Journaliste : courrir sur la piste et Courrir en salle, lequel est plus facile ?
Noélie Yarigo: En salle, c’est très difficile. C’est très difficile de réaliser des performances en salle parceque la piste elle fait 200m, et à part ça il y a assez de virages. Dans les virages, on est obligé de ralentir à tout moment, on n’arrive pas à garder la même vitesse. C’est difficile de gérer l’effort en salle par rapport à une piste de 400m où tu sais à quel moment il faut accélérer. Dans les virages par exemple on ne peut pas doubler, c’est impossible.
Journaliste : on avait appris que la France était sur le point de faire de vous une de ses athlètes. Qu’en est-il aujourd’hui ?
Noélie Yarigo: Oui, effectivement c’est vrai. Ce n’est pas faux mais moi je suis patriote, j’aime mon pays, j’ai toujours tenu à défendre les couleurs de mon pays quoi qu’il arrive. Ne vous inquiétez pas je suis une guéparde, je suis une béninoise et je resterai toujours béninoise.
Journaliste : Noélie Yarigo est toujours en larmes. Est-elle si faible émotionnellement ?
Noélie Yarigo: Les larmes (rires) . Avant ça me faisait mal quand on me traitait de vieille. Mais aujourd’hui, ça ne me dit plus rien puisque je pense que ces gens là n’ont rien compris. Ils ne connaissent pas ce que c’est que le sport. Je pense quand on échoue ou quand on réussit, c’est la même motivation. Personne ne demande à échouer dans cette vie. Nous sommes tous bosseurs dans cette salle mais on n’a pas la même chance. Ces larmes, c’est que j’ai juste pensé à mes années de souffrances. À Glasgow, quand j’ai traversé la ligne d’arrivée, (d’ailleurs je ne croyais même pas), je me demandais est-ce que c’est vrai ? est-ce que je ne suis pas dans un rêve ? Tout ça, c’était vraiment trop pour moi.
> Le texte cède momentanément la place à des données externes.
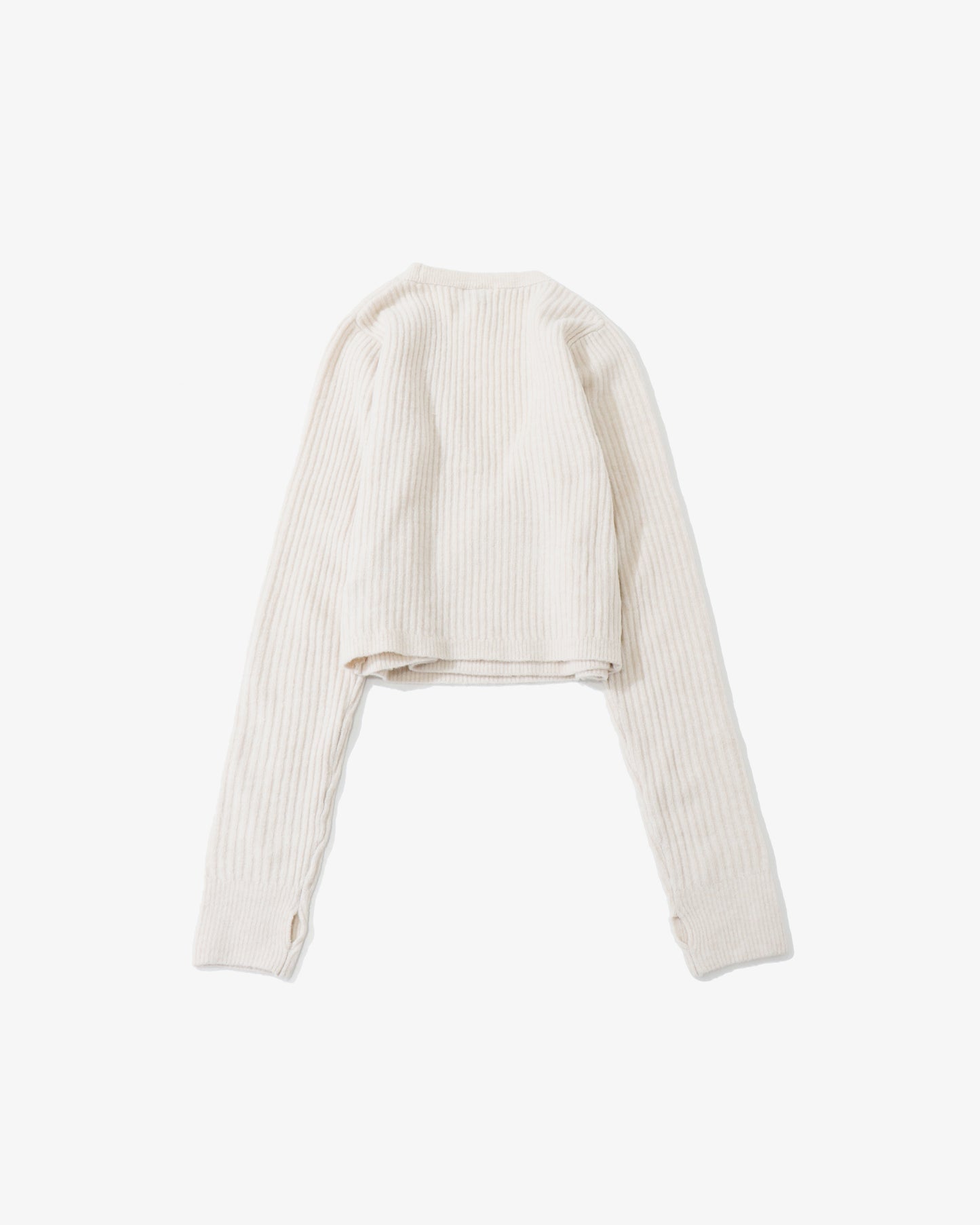 ADILUNA SEASON 2 × JENNIE WRAP AROUND CARDIGAN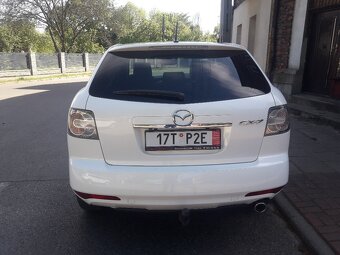 MAZDA CX7 4X4//2,2D/130kw 2012 - 6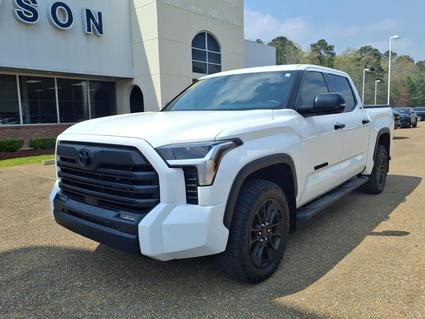 2025 Toyota Tundra Louisville MS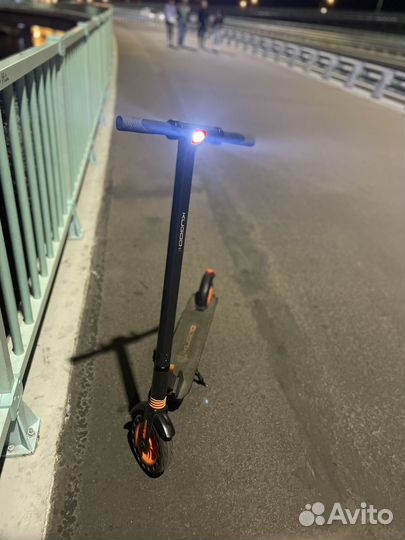 Электросамокат Kugoo S1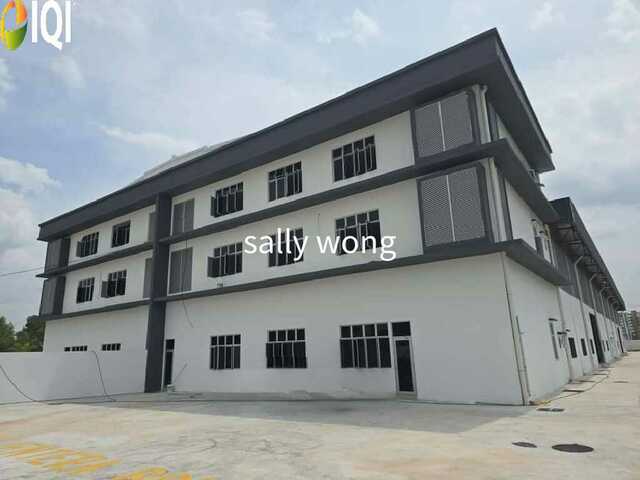 Bandar Rinching Industrial Park, Semenyih image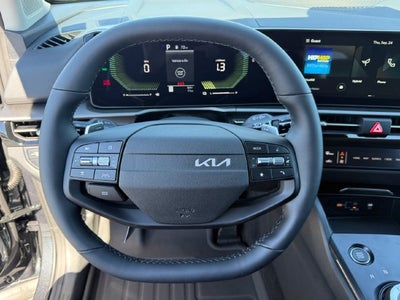 2027 Kia Sportage Hybrid LX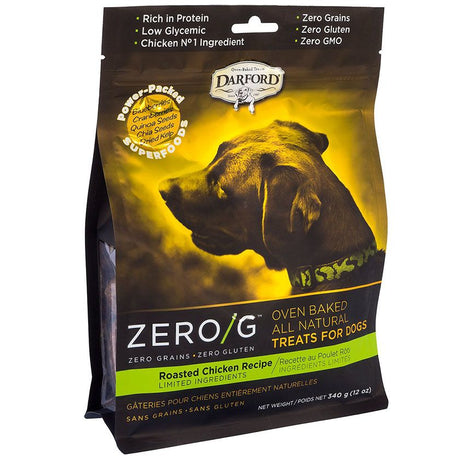 Alimento para Perros Darford Zero G Pollo 170Gr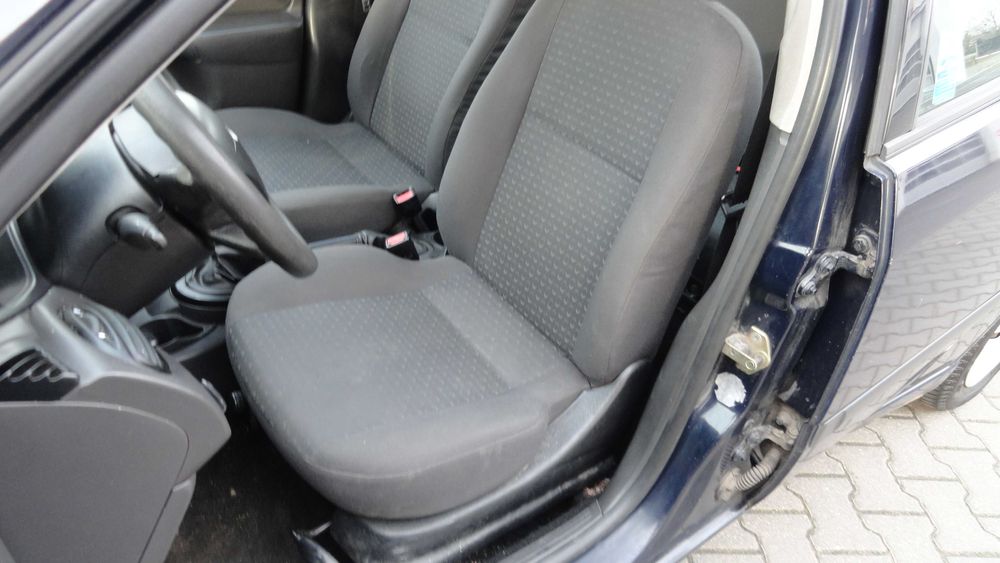 Ford Focus Na Częsci Diesel poj 1800 moc 74 KW kolor V3 Diesel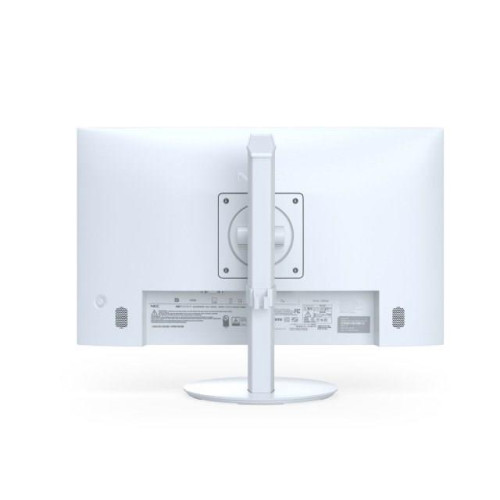 NEC MultiSync E274F white monitor komputerowy 68,6 cm (27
Journaliste : un mot sur la politique sportive du gouvernement
Noélie Yarigo: Je pense que le gouvernement fait déjà de gros efforts pour pouvoir nous mettre dans de bonnes conditions, à être prêt dans les grands événements. Même si ce n’est pas suffisant, on va prendre ça comme ça en attendant que ça s’améliore.